Using cpp11poppler

Extracting Text

You can extract text from a PDF file using the pdf_text function. This function returns a character vector of equal length to the number of pages in the PDF file.

library(cpp11poppler)

## Using poppler version 22.02.0

file <- system.file("examples", "recipes.pdf", package = "cpp11poppler")
text <- pdf_text(file)
cat(text[1])

##                            Traditional Recipes
##                                  jewishfoodsociety.org
## 
## 
## 
## Kreplach
## 
## Yield
## 
## 90 dumplings
## 
## 
## Ingredients
## 
## For the filling:
## 
##    • 6 tablespoons canola oil
##    • 1 small chicken breast (about 5 ounces; ½ cup chopped), cut into ½-inch pieces
##    • 3 chicken livers (about 3 ounces; ¼ cup chopped), cut into ½-inch pieces
##    • ½ teaspoon kosher salt, plus more to taste
##    • 3 medium onions, roughly chopped
##    • 1 egg, lightly beaten, divided
##    • ½ teaspoon freshly ground black pepper
## 
## For the dough:
## 
##    • 3½ cups all-purpose flour, sifted
##    • 1 tablespoon salt
##    • 1 egg, lightly beaten
##    • 1 cup lukewarm water
##    • Canola oil, for drizzling
## 
## For serving:
## 
##    • Chicken soup
##    • Fried onions
## 
## 
## 
## 
##                                              1

Extracting Metadata

You can extract metadata from a PDF file using the pdf_info function. This function returns a list with metadata information.

pdf_info(file)

## $version
## [1] "1.5"
## 
## $pages
## [1] 4
## 
## $encrypted
## [1] FALSE
## 
## $linearized
## [1] FALSE
## 
## $keys
## $keys$Creator
## [1] "LaTeX via pandoc"
## 
## $keys$Title
## [1] "Traditional Recipes"
## 
## $keys$Author
## [1] "jewishfoodsociety.org"
## 
## $keys$Producer
## [1] "xdvipdfmx (20240407)"
## 
## 
## $created
## [1] 1733797917
## 
## $modified
## [1] -1
## 
## $metadata
## integer(0)
## 
## $locked
## [1] FALSE
## 
## $attachments
## [1] FALSE
## 
## $layout
## [1] "no_layout"

Extracting Fonts

You can extract font information from a PDF file using the pdf_fonts function. This function returns a data frame with font information.

pdf_fonts(file)

##                                  name       type embedded file
## 1     CONQID+LMSans10-Bold-Identity-H cid_type0c     TRUE     
## 2 LUAZIR+LMRoman12-Regular-Identity-H cid_type0c     TRUE     
## 3 CTWPJX+LMRoman10-Regular-Identity-H cid_type0c     TRUE     
## 4    PXMFVJ+LMRoman10-Bold-Identity-H cid_type0c     TRUE

Extracting Attachments

You can extract attachments from a PDF file using the pdf_attachments function. This function returns a list with attachment information.

pdf_attachments(file)

## list()

Rendering Pages

You can render a PDF page to a bitmap array using the pdf_render_page function. This function returns a bitmap array that can be further processed in R.

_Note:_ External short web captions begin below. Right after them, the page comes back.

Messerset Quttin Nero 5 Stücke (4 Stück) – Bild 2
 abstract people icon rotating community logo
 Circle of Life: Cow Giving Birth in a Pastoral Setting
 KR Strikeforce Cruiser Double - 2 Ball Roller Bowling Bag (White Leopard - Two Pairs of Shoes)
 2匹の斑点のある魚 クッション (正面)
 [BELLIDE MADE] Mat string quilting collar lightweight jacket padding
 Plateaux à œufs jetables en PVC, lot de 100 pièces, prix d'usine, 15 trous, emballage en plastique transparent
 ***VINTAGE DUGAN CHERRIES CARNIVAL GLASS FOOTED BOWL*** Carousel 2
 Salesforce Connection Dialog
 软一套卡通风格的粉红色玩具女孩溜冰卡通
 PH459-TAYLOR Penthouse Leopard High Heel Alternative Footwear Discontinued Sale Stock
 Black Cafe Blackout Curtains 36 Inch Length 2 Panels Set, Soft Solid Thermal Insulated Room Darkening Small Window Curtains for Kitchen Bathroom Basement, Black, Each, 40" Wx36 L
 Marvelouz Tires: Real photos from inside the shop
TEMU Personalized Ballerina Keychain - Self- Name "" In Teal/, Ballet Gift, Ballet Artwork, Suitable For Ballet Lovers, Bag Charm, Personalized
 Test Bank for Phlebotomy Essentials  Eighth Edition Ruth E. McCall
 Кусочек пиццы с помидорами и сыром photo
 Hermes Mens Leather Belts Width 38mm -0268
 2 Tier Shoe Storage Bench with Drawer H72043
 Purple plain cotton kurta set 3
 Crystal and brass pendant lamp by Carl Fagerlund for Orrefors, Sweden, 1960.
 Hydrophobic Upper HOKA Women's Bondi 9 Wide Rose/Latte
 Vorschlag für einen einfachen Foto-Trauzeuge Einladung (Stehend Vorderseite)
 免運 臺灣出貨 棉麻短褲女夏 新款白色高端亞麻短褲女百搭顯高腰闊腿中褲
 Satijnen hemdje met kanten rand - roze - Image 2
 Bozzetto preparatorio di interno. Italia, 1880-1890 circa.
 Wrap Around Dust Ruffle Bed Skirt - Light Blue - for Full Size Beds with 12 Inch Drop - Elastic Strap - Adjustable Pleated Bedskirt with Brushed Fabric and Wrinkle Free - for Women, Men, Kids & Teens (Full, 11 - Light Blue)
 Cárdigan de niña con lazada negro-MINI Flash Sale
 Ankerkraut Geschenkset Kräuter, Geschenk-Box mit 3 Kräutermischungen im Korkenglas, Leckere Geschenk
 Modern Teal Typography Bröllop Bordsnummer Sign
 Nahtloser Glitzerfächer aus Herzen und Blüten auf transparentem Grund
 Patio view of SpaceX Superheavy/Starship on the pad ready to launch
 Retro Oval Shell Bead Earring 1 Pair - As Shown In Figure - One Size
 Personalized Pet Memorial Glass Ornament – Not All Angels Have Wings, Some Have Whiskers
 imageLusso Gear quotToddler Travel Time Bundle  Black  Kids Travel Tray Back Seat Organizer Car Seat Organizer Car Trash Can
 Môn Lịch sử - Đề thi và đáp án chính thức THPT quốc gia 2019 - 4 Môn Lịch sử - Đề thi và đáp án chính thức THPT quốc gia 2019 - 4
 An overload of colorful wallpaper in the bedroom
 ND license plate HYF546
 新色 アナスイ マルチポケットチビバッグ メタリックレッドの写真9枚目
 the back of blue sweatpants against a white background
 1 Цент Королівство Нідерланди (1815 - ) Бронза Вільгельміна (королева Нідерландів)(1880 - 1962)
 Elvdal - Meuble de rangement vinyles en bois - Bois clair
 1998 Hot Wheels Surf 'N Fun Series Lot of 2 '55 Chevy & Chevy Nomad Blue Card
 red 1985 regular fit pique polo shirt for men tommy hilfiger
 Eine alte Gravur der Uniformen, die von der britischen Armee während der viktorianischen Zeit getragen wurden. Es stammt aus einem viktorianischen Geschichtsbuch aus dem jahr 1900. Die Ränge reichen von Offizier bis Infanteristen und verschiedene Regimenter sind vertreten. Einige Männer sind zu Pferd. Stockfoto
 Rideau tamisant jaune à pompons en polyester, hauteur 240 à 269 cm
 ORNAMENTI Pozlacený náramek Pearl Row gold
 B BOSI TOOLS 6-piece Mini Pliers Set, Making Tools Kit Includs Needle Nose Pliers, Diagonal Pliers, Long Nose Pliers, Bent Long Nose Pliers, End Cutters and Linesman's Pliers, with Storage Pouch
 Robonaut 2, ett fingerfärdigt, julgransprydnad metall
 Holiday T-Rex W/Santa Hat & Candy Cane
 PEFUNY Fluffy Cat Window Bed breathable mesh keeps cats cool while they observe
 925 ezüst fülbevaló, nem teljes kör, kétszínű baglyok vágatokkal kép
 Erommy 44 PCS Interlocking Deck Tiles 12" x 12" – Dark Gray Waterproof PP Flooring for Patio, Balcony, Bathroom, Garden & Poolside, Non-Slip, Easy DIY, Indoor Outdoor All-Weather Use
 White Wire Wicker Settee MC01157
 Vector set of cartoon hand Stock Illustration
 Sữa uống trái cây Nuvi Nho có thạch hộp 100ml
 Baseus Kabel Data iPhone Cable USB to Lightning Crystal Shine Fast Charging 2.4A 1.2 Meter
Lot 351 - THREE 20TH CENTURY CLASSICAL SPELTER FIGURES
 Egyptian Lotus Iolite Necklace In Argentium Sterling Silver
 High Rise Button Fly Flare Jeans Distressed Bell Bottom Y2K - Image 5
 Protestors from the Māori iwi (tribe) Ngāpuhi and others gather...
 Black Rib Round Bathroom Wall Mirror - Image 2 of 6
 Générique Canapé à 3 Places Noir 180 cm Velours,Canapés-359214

page1 <- pdf_render_page(file, page = 1, dpi = 300)
png::writePNG(page1, "page1.png")

Converting Pages to Images

You can convert PDF pages to images using the pdf_convert function. This function saves the rendered pages as image files.

pdf_convert(file, format = "png", pages = 1:2, dpi = 300, verbose = FALSE)